Financing activities.Cash provided by financing activities was $3.4 million in the 2006 nine-month period compared with cash used by financing activities of $39.5 million in the 2005 nine-month period. Financing activity cash flows are primarily the result of issuances and repayments of long-term debt, net short-term borrowings including borrowings under revolving credit agreements and other uncommitted arrangements, cash dividends to UGI, and capital contributions from UGI. During the 2006 and 2005 nine-month periods, we paid dividends to UGI totaling $27.5 million and $28.1 million, respectively. During the 2006 nine-month period, net bank loan borrowings totaled $30.9 million compared with net bank loan repayments of $11.4 million in the prior-year nine-month period. Included in the 2006 nine-month period net bank loan borrowings are repayments of two $35 million borrowings with maturities greater than three months and a $20 million borrowing made on June 1, 2006, which matures on September 8, 2006. The increase in short-term borrowings in the 2006 nine-month period reflects borrowings needed to finance the higher working capital requirements resulting from the previously mentioned higher natural gas costs. In December 2005, we refinanced $50 million of 7.14% maturing Medium-Term Notes through the issuance of $50 million of 5.64% Medium-Term Notes due in 2015.
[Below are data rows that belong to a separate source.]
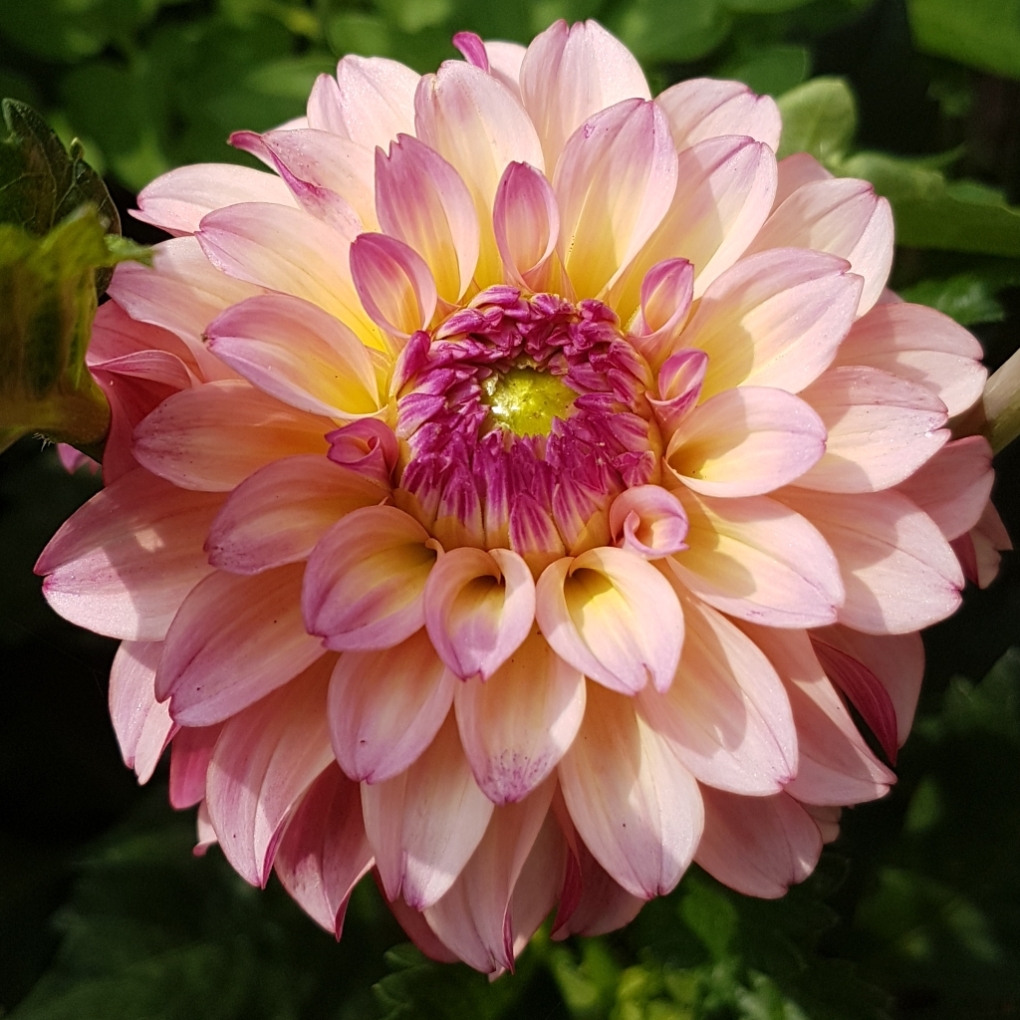 Dahlia Bacardi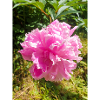 Chinese Peony Chinesische Pfingsrose , Pfingstrose
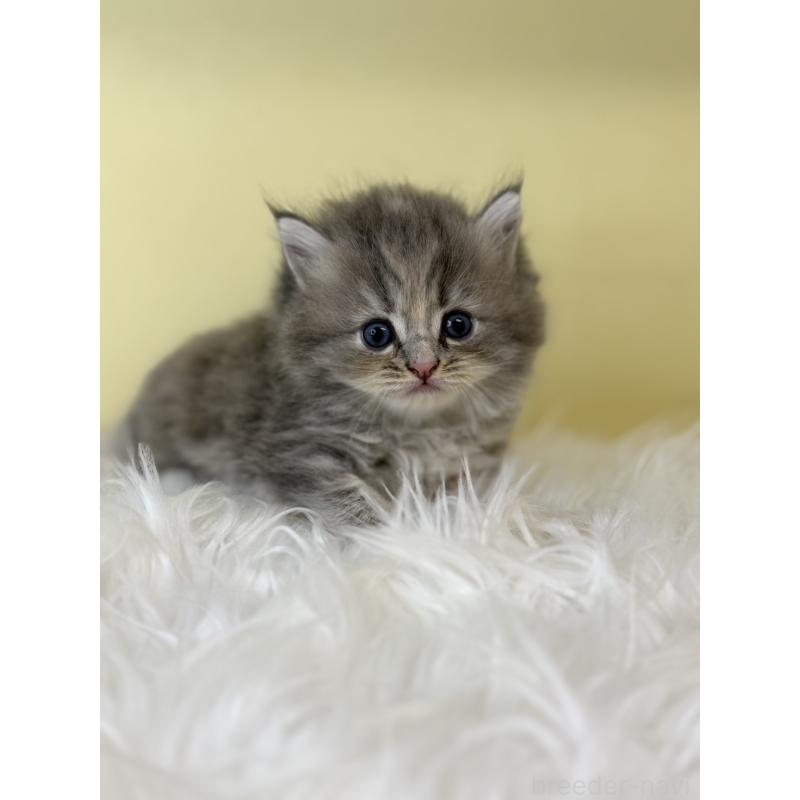 販売中の埼玉県のサイベリアン-129931の3枚目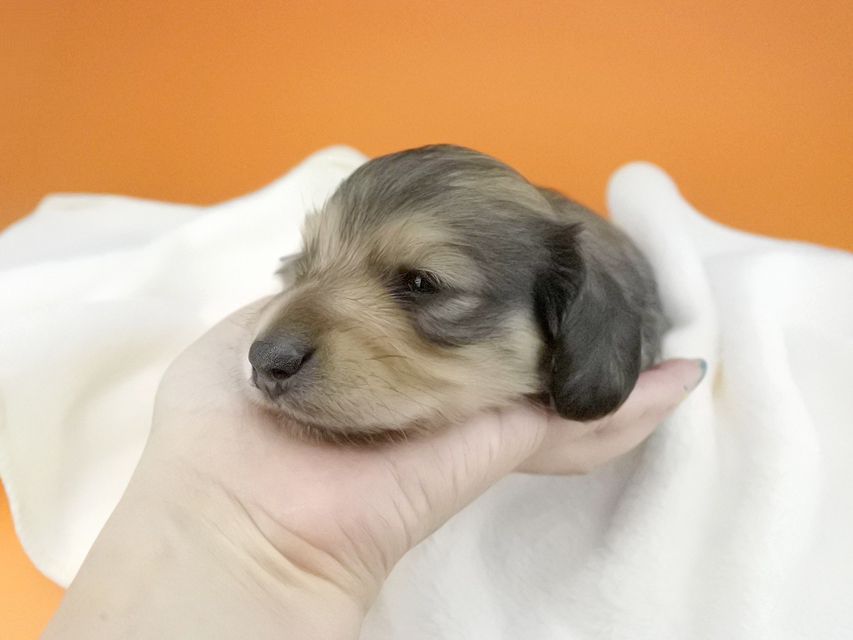 カニンヘンダックスフンド 茶葉 & オスカルの子犬 シェーデットイエロー（シェーデットクリーム） 男の子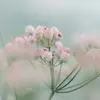 Robert Garson - @robertgarson9421 - TikTok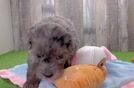 Cute Mini Aussiedoodle Baby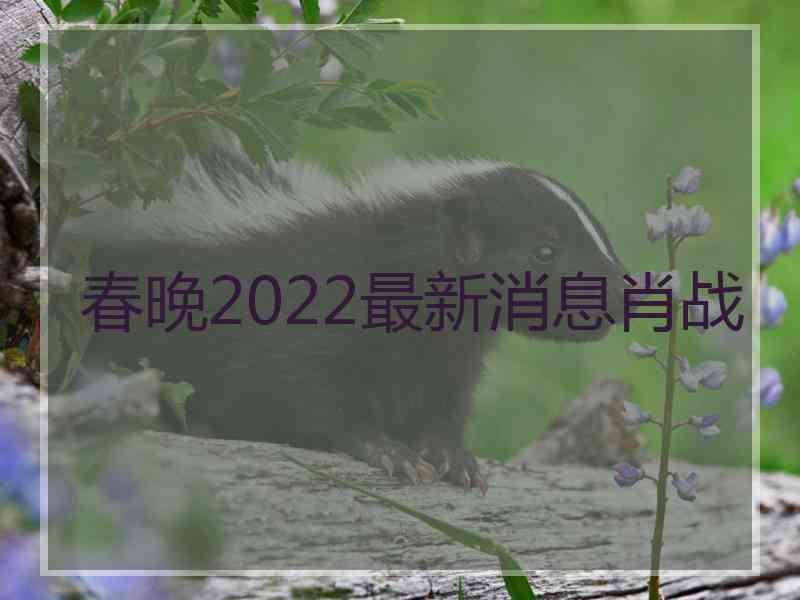 春晚2022最新消息肖战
UGI’s PG Energy Acquisition
On January 26, 2006, UGI signed a definitive agreement to acquire the natural gas utility assets of PG Energy from Southern Union Company for approximately $580 million in cash, subject to certain adjustments. PG Energy serves approximately 158,000 customers in thirteen counties in northeastern and central Pennsylvania. The proposed transaction is subject to PUC approval and is expected to close during the fourth fiscal quarter ending September 30, 2006. We anticipate that we will acquire and operate, through a subsidiary, the regulated assets of PG Energy immediately following UGI’s completion of the acquisition. We expect to fund the acquisition with a combination of equity and debt.
-23-
Table of Contents
UGI UTILITIES, INC.
Recently Issued Accounting Pronouncements
In June 2006, the Financial Accounting Standards Board (“FASB”) issued Interpretation No. 48 (“FIN 48”), “Accounting for Uncertainty in Income Taxes,” which clarifies the accounting for uncertainty in income taxes recognized in the financial statements in accordance with FASB Statement No. 109, “Accounting for Income Taxes.” We are currently evaluating the impact that this standard will have on our financial position or results of operations. See Note 1 to the Condensed Financial Statements for additional information.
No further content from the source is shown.